Sunday Thoughts: 14/06/09

Chasing Trophies

Back when I first got my hands on a shiny new Xbox 360, the ubiquitous chirp of the Achievement Unlocked notification was a welcome surprise.  People had told me about these new so-called Achievements and the associated Gamerscore, but I was still too wrapped up in my PS2 and Dreamcast to notice; once I’d seen Fight Night Round 3 running on the big white box I had to have one, though, and I distinctly remember my first achievement which was on the original Condemned.  One down, and I was hooked.
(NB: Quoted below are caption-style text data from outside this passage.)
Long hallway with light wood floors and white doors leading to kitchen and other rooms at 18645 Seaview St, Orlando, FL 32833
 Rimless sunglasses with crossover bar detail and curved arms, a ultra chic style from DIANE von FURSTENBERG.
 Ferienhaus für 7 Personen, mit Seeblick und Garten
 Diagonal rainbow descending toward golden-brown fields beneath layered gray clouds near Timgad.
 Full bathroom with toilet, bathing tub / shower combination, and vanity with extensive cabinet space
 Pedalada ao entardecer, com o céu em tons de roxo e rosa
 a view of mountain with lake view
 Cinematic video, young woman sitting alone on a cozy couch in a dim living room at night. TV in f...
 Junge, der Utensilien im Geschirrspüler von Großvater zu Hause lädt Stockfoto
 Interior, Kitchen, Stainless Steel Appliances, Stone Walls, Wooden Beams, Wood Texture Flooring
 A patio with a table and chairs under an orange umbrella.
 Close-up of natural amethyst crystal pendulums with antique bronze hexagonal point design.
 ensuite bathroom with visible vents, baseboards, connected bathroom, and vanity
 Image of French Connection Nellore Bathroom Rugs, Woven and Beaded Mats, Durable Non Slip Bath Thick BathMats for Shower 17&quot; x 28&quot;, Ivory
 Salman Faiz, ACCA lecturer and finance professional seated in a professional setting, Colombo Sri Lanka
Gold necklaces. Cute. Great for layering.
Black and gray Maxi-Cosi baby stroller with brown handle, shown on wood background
When the PS3 launched I traded in my 360 (to be accurate, by then it was my third due to hardware problems) so I could afford the new PlayStation on day one and didn’t miss not having a Microsoft console until Gears of War 2 surfaced: I was more than happy with the PS3 and it’s gaming output, but I was missing some kind of token reward for my gaming efforts.  Thankfully, Sony had the Trophy system in the pipeline and when it was finally time to roll out Firmware 2.40 I was hooked again.  After that first ‘ping’ of the Trophy Unlock noise was in my blood we set up the Trophy page on the site, and apart from the home page it’s still the 2nd most visited page on TSA.

Since then, despite being only an average gamer, I’ve always kept one eye on the Trophy list as new games surface.  Despite Sony moving to a secure server for their Trophy database, the Trophy details of some games still manage to leak out early (and usually resemble the equivalent Achievements anyway) and although I’m never going to go as far as to play through dross like Hannah Montana or Terminator to bag some silverware, I have started using the lists as a way to get more out of the games I do enjoy playing.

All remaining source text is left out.